The Italian composer Domenico Cimarosa (1749-1801) was among the most prolific and in his day most popular composers of the late eighteenth century, probably as popular as Haydn and known to more people than Mozart. Still, life is sometimes unfair, and time has a way of making up for things. Mozart may have died penniless, but today it's obviously his music, not Cimarosa's, that most people recognize and prefer. Meanwhile, with the possible exception of his opera Il matrimonio segeteo, the listening public have largely relegated Cimarosa to the ranks of near obscurity.
Fortunately, the folks at Naxos have been trying their best to keep Cimarosa's name alive with among other things a series of overture recordings, this being the fourth volume and this time with Michael Halasz and the Czech Chamber Philharmonic Orchestra Pardubice.
The disc contains nine Cimarosa overtures for a total playing time of just over sixty-six minutes. Here's a rundown of the program:
I sdegni per amore
La finta frascatana
I tre amanti
Le donne rivali
I finti nobili
Il pittore parigino
L'amante combattuto dalle donne di punto, "La Biondolina"
All of the overtures are colorful and spirited, but I couldn't help taking special pleasure from La finta frascatana ("The Fake Lady of Frascata"), which not only projects a vigorous mood but has segments of intense beauty, too.
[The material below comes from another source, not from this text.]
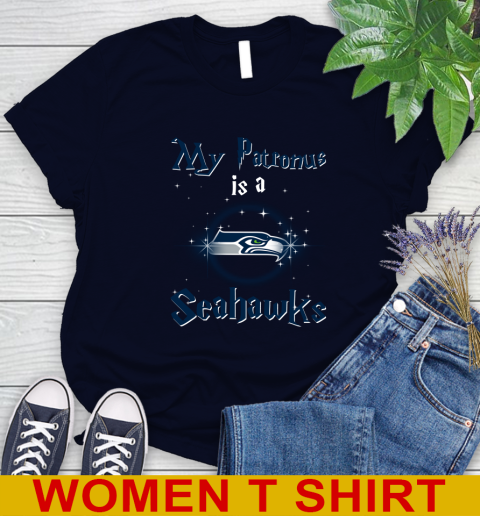 NFL Football Harry Potter My Patronus Is A Seattle Seahawks Women's T-Shirt 2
The booklet notes tell us that it was I tre amanti ("The Three Lovers") that established Cimarosa's name outside Naples, and one can certainly see why it became so well liked with its rhythmic charm and pleasant lilt. Still, it was the tragedy Giunio Bruto that Haydn most admired, and who conducted it at the Esterhazy court.
Producer Jiri Stilec and engineers Vaclav Roubal and Karel Soukenik recorded the disc at The House of Music, Pardubice, Czech Republic in October 2014. If you have a few of Naxos's better recordings already on your shelf, the sound of this one won't surprise you too much. It's smooth and rounded, almost of audiophile quality, well balanced, natural, nicely defined, and, most important, easy on the ear.
More specifically, the sound is a slight bit closer than usual for a Naxos production, yielding better than average detail and clarity. It also appears more dynamic than a lot of Naxos products, again probably because it's a little more close-up than normal for the company. In any case, as I said above, it sounds just about right for the type of music it's presenting and for a small chamber orchestra.
Overall, with its lustrous performances and high-quality sound, I'd have to say this is one of the best Naxos releases I've heard in while and should make my list of 2017 favorites.